According to its constitutive act, members of the TRC are supposed to be persons of high integrity and honor and not known or perceived as human rights violators. The chairman of the TRC, Jerome Verdier, who is visiting the United States, said his commission is looking into the allegations and would respond accordingly. Meanwhile, Sheik Konneh said the allegations are baseless.

“Because of the civil war, there are some individuals who have been traumatized, and they have become so disgruntled, they only take pride in tarnishing the reputations of those who are prominent in the Liberian society. They have given me an ultimatum, and I have told them that I’m not going to resign because their allegation is fallacious,” he said.

Konneh would not say if he wrote an article advocating for jihad as alleged or that he supported Muslim warlords during Liberia’s civil war. He could only say that his reputation would exonerate him.

“In the first place, they have to establish beyond all reasonable doubt that I wrote an article, and that such article called for jihad, and that I was in one way or the other supporting any warring faction during our national nightmare.  But I believe that my track record can exonerate myself from those malicious charges that they have meted against me,” Konneh said.
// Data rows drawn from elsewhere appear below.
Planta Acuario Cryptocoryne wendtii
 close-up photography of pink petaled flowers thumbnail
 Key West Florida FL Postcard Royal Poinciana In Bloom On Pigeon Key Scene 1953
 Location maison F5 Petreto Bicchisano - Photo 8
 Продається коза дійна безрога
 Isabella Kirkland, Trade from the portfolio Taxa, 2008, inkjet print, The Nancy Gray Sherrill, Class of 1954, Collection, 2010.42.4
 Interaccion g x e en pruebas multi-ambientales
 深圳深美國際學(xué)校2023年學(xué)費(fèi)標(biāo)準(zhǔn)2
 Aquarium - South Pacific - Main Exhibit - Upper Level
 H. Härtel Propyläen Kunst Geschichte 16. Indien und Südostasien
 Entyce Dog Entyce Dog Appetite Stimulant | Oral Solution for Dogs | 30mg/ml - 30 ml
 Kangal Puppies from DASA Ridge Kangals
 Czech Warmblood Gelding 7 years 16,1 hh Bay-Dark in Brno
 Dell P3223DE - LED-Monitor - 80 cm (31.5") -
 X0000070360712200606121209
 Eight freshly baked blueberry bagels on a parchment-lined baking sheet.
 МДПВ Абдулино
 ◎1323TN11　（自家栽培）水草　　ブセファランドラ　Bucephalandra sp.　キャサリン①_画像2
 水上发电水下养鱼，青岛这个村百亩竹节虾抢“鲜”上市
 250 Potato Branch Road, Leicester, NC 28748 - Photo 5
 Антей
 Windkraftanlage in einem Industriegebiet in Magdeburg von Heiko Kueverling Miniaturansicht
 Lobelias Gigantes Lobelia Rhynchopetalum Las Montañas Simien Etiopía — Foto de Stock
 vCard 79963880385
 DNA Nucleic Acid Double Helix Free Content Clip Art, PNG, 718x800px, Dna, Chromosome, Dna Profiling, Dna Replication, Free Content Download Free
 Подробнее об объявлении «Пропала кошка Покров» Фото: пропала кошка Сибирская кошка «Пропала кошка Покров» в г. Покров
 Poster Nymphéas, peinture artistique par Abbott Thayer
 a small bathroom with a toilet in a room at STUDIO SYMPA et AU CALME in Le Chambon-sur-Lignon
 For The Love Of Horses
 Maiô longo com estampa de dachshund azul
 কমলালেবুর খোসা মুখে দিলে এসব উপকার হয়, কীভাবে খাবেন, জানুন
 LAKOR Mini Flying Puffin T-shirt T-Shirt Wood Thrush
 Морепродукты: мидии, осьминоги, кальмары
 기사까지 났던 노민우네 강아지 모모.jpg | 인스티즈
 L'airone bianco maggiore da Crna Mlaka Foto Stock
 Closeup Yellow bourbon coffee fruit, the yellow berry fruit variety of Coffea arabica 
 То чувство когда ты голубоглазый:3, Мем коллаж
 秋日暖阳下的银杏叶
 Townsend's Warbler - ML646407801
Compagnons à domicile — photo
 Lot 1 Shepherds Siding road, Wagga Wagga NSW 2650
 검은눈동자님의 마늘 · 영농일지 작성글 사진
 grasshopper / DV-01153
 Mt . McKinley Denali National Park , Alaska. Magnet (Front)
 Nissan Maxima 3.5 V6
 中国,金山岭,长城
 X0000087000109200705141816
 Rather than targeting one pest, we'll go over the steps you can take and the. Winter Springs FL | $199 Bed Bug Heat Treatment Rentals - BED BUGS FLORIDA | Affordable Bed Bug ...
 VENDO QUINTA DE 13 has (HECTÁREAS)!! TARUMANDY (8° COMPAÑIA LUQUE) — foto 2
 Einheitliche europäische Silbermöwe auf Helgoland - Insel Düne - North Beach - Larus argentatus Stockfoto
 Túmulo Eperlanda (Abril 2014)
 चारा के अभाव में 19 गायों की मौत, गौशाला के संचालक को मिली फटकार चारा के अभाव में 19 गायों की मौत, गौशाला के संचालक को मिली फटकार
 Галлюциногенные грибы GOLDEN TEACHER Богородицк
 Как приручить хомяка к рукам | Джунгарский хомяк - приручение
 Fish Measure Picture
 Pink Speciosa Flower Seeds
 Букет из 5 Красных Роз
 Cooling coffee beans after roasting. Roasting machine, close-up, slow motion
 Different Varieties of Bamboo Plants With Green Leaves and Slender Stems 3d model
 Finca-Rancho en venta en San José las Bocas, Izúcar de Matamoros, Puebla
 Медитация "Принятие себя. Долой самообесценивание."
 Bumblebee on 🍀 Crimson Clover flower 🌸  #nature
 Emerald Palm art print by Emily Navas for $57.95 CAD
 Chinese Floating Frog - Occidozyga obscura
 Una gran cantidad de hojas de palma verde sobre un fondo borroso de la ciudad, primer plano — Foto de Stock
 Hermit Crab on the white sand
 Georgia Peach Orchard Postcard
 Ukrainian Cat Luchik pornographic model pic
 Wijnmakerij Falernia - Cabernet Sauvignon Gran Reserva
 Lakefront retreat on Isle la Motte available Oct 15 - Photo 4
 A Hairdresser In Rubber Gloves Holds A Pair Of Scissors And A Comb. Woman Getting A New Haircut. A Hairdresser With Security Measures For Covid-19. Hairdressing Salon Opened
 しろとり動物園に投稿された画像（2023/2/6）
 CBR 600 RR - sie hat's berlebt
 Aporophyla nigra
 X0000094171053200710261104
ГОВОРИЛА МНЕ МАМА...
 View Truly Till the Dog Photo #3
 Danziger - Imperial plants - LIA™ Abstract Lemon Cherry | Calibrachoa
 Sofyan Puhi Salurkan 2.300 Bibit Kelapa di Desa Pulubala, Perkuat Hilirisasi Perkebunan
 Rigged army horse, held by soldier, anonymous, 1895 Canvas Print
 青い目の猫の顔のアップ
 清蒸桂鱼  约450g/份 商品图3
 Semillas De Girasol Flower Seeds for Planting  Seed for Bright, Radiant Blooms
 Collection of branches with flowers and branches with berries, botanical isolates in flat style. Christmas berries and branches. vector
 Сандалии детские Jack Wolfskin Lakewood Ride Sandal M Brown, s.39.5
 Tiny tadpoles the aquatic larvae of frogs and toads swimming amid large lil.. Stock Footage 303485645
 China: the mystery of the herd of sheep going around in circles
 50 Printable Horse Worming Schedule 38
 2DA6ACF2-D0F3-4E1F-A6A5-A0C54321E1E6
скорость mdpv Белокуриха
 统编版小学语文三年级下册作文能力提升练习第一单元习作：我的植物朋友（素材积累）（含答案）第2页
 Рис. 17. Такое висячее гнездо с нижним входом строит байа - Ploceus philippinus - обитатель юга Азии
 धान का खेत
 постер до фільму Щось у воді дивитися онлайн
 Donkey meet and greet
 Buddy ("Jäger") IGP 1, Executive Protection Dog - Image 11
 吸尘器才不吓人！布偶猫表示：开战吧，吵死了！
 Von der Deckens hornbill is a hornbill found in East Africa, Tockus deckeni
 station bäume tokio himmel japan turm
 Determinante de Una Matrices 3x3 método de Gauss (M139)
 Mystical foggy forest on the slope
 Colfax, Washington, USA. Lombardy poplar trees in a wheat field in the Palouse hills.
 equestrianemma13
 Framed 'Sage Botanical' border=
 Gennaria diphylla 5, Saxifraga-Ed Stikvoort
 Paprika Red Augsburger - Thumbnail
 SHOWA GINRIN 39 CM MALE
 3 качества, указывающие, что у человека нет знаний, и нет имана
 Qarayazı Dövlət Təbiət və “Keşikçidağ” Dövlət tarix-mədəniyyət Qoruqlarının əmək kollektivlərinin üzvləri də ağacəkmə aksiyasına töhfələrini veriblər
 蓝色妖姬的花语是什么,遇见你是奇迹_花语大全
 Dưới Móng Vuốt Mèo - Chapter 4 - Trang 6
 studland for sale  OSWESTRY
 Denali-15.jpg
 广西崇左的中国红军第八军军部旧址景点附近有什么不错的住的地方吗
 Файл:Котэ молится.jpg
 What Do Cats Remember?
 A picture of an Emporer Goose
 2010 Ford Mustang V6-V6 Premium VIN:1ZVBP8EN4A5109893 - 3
He described the group making the allegations against him as criminals and disgruntled elements of society with no credibility. Konneh said he worked for peace for 15 years in Liberia and wondered how he could be making peace and at the same time advocating for war.

Konneh believed the allegations are a form of discrimination not only against him but against all Muslims in Liberia.

“It appears that whenever they have someone who is associated with Islam, they will have some false accusations against that person. Take the case of Dr. Hassan Conteh (current president of the University of Liberia), Kabineh Janneh as associate justice of the Supreme Court. Now, it is my turn. So we are not surprised because they are trying to prove the kind of persons they are, that they are divisive and trying to project the image that Moslems cannot occupy any position in Liberia,” he said.

Konneh said his accusers will never be successful in their accusations because he said Liberians will live together as one people, and will never return to those extremes that he said precipitated the country’s civil war.

According to the constitutive act of the Liberia TRC, its members are supposed to be persons of high integrity and honor and not known or perceived as human rights violators or members of groups involved in human rights violations.

Konneh would not say whether he should be disqualified as TRC member if it is proven that he advocated for a jihad or that he harbored warlords during Liberia’s civil war.

“This is why I’m putting forth the challenge for them to come through the proper channels and substantiate their allegations. As it is now, it is a mere allegation, and mere allegation cannot stand without being substantiated by testimony beyond reasonable doubt,” Konneh said.